» Brief
Start at the line that contains "Man holds the" in the listing below and extract every line through the last, exactly; leave pictures out.

» Supplied material

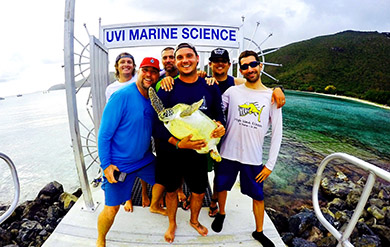 A Group of Students from the Turtle Club Pose with a Turtle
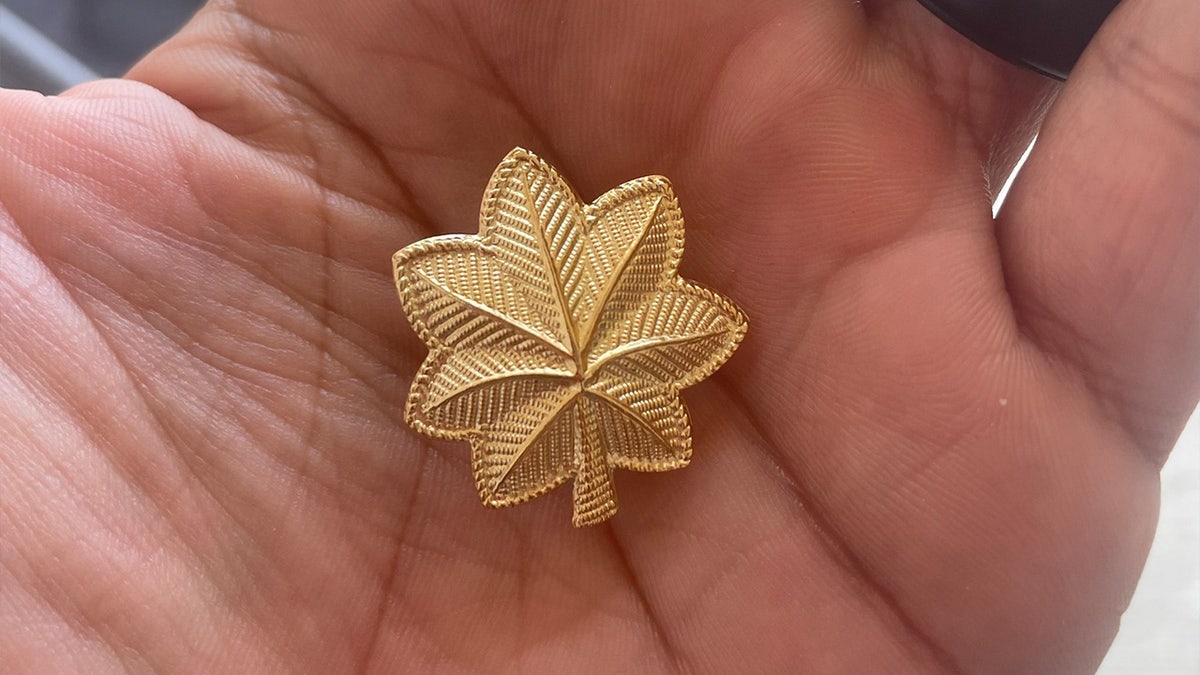 Man holds the golden leaf pin of major in his hand
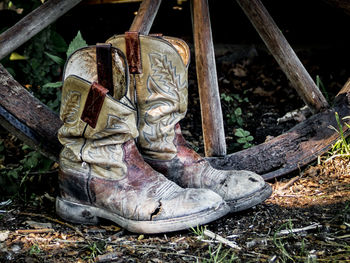 Close-up of boots by wooden wheel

» Expected output
 Man holds the golden leaf pin of major in his hand
 Close-up of boots by wooden wheel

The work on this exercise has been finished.